According to Mytting Hagemoen, investments in heat pump technology is increasingly profitable, due to rising electricity prices and stricter requirements for energy saving.
“Today, heat pumps can capture waste heat, cost-effectively boost output temperature for reuse, or make use of the heat in new circular production processes. For companies, this translates to money saved. For society, electricity can be used for other purposes and we need less fossil energy sources,” said Mytting Hagemoen.
GOOD SUPPORT SCHEMES
Marit Sandbakk, Senior Advisor at Enova, made it clear that the reuse of excess energy is the most effective measure for energy saving in Norwegian industry today. Which is why Enova offers support schemes for any companies willing to make such investments.
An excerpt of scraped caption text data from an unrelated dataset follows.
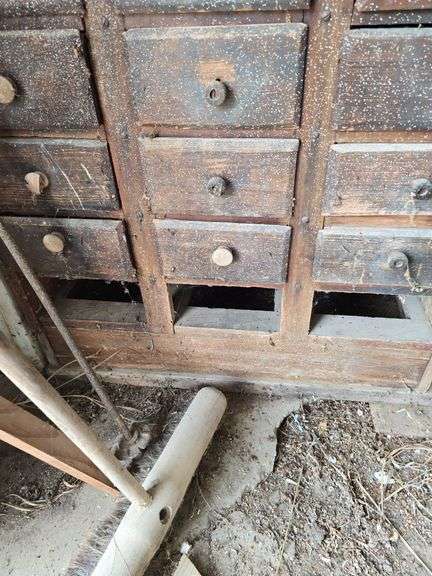30 drawer pine cabinet w 4 missing drawers 18D x 32L x 59H
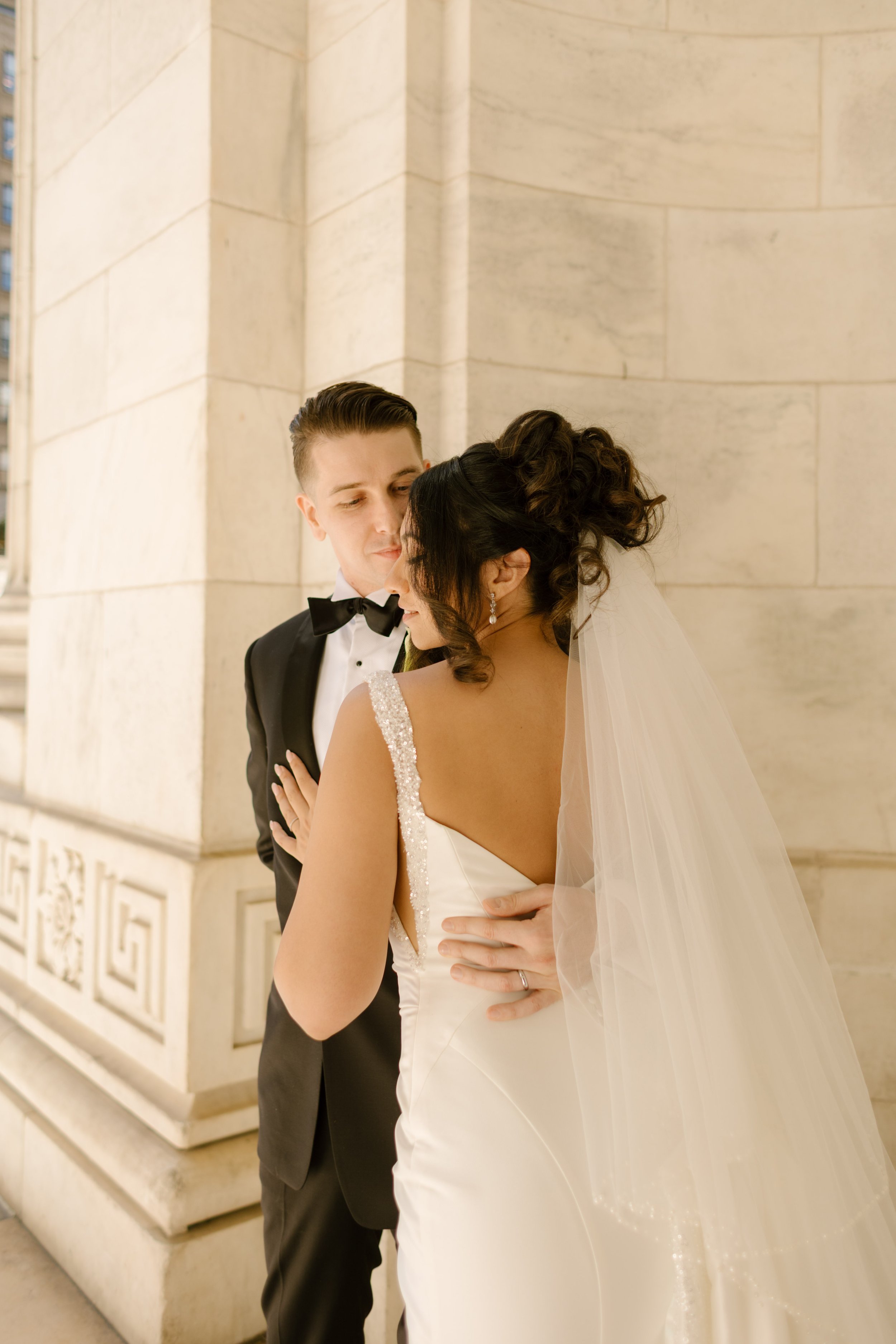 Bride and groom embrace beneath marble columns outside a classic New York wedding venue.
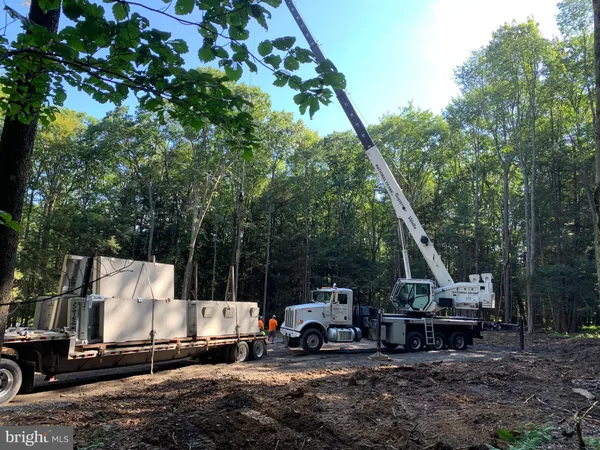 a view of a swimming pool with a yard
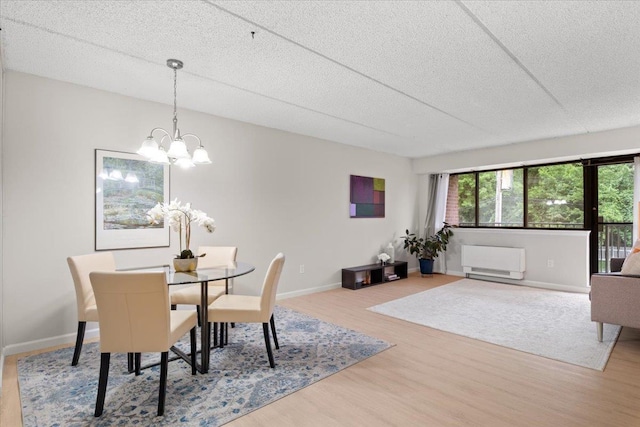 66 Crisfield St Unit 2B, Yonkers, NY 10710 - dining area with wood finished floors, a chandelier, and a textured ceiling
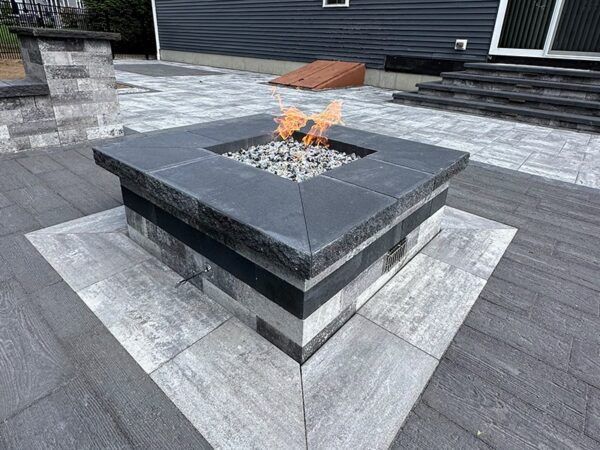 A fire pit is sitting on top of a patio next to a house.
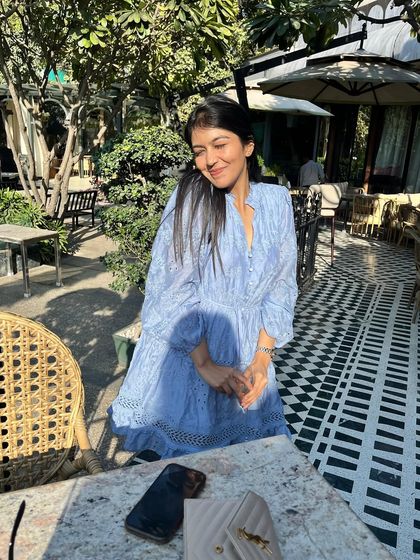 A happy, sun-kissed moment in my blue dress. My goal is to find outfits that bring you joy.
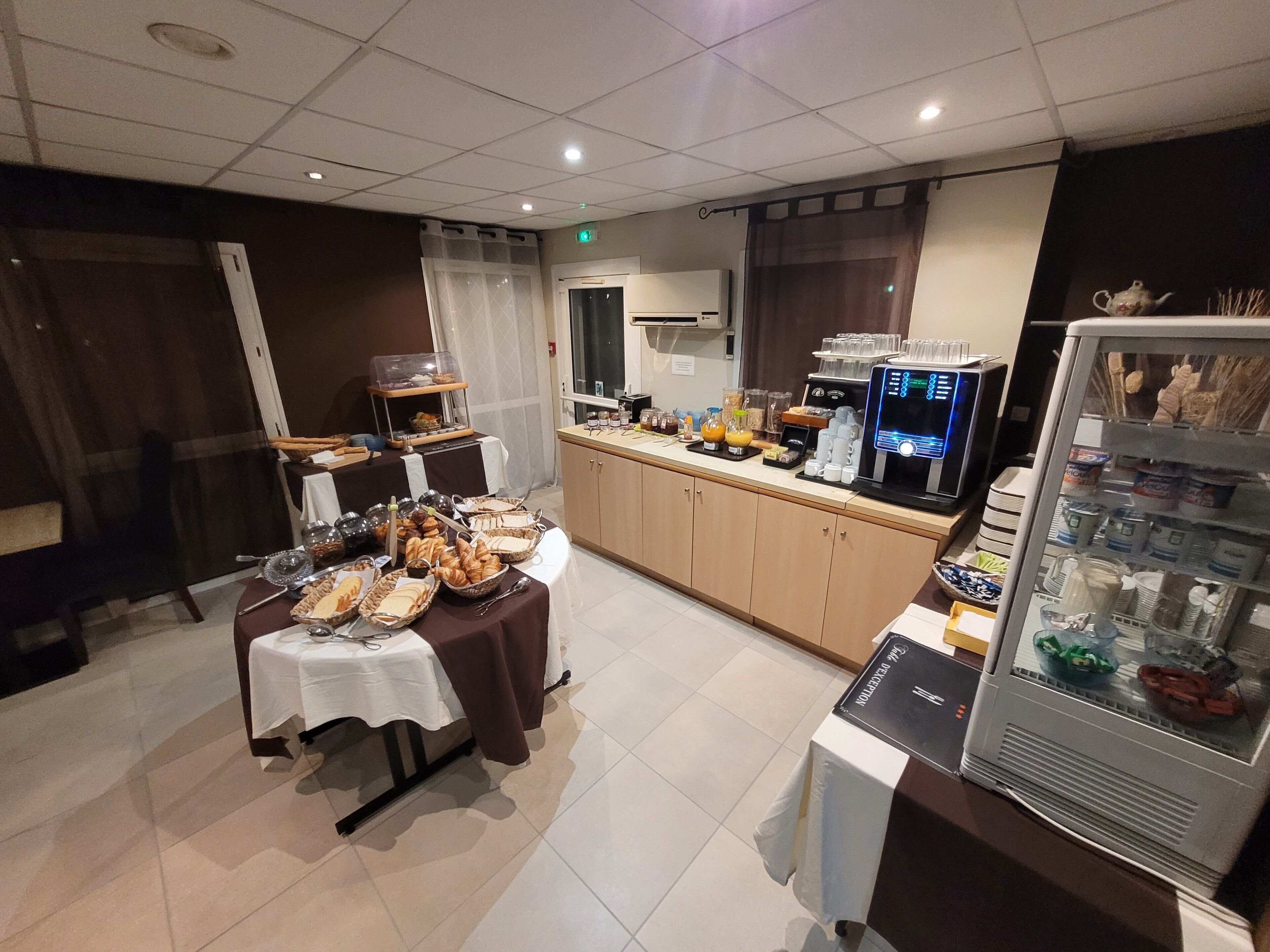 A buffet setup with various food items and a coffee machine.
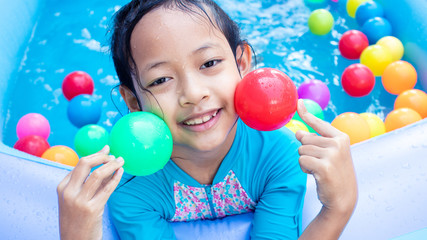 Fototapeta na wymiar Asian Child Girl Having Fun In Garden Paddling Pool with color ball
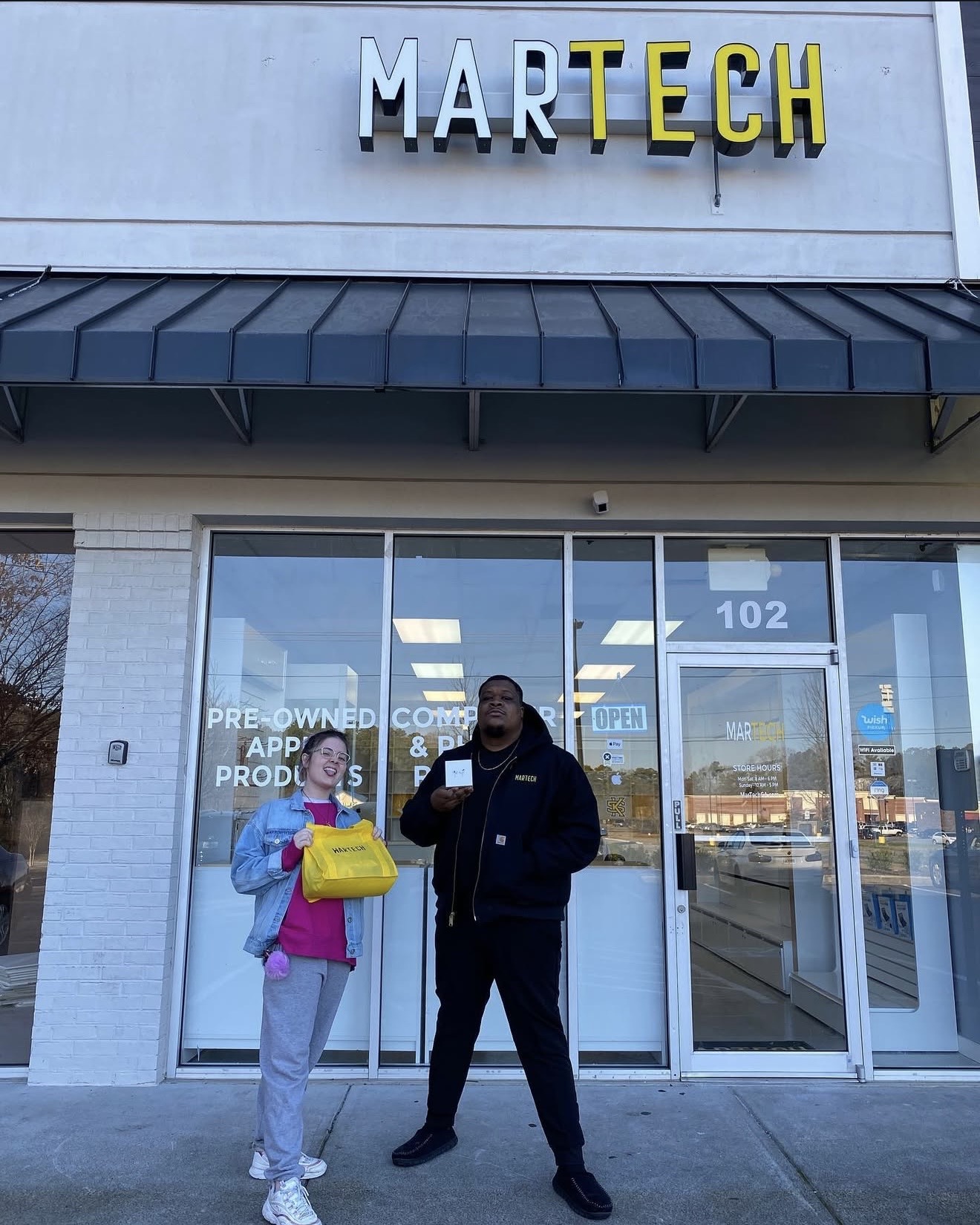 MarTech store front in Kennesaw GA with happy customers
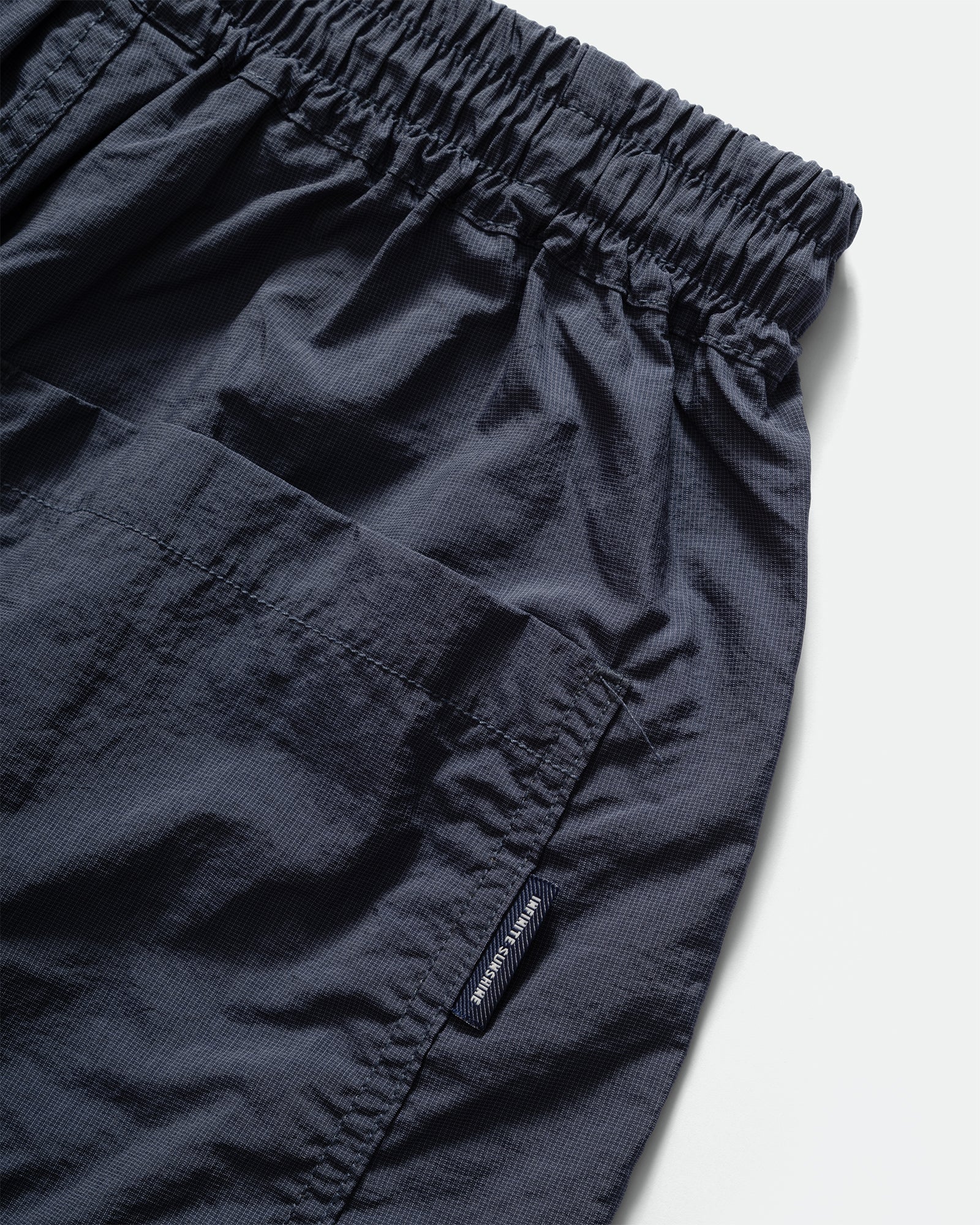 Close-up of Kappy brown nylon shorts with a brand label on back patch pocket a light gray background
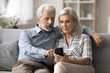 © fizkes - Serious focused aged couple sit on sofa with smartphone, learn software, new mobile application or platform, review e-bank account statement. Retired family people and modern wireless technology usage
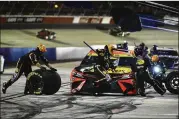  ?? JOHN AMIS/AP ?? Martin Truex Jr. pits during the NASCAR Cup Series race in Darlington, S.C. In front with 36 laps left, he was moved to the back of the pack for a pit violation.
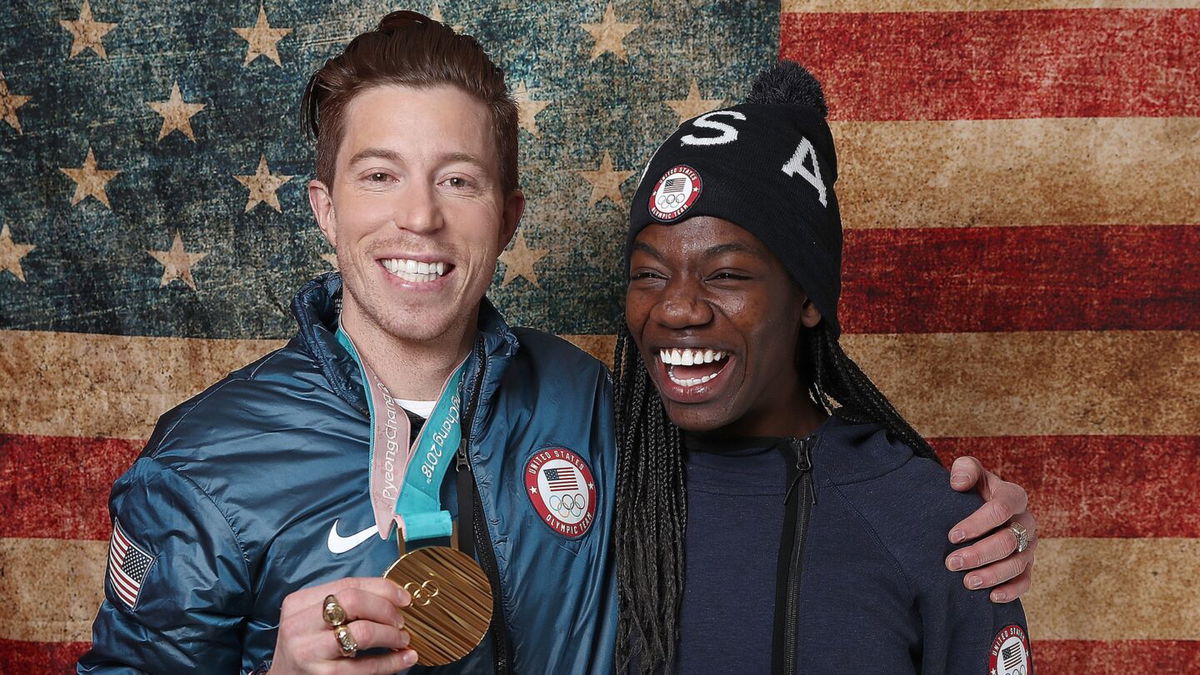 Snowboarder Shaun White of the Team USA poses for a portrait with American speed skater Maame Biney in 2018.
“So far, Enova has supported 6,300 energy recovery projects. Several of our programs involve projects for waste heat. We provide grants for pilots and preliminary projects on immature technology solutions. We also have schemes that meet investments in mature technology within waste heat,” said Sandbakk.
RAPID TECHNOLOGICAL DEVELOPMENT
Rising energy prices and public funding schemes have accelerated technology development within waste heat recovery. At the seminar, several suppliers of industrial heat pumps presented their solutions. New heat pumps that, in cascade systems or in combination with other heat cycle machines, can boost temperatures to ever higher levels are being introduced. In combination with other energy sources, such as geothermal and solar energy, heat pumps can play an important role by delivering higher output.
“Research is speeding up, but we still have much to learn. The next step is to establish more demo sites in industry facilities, in order to test out new systems, said Christian Schlemminger, Research Scientist at Sintef.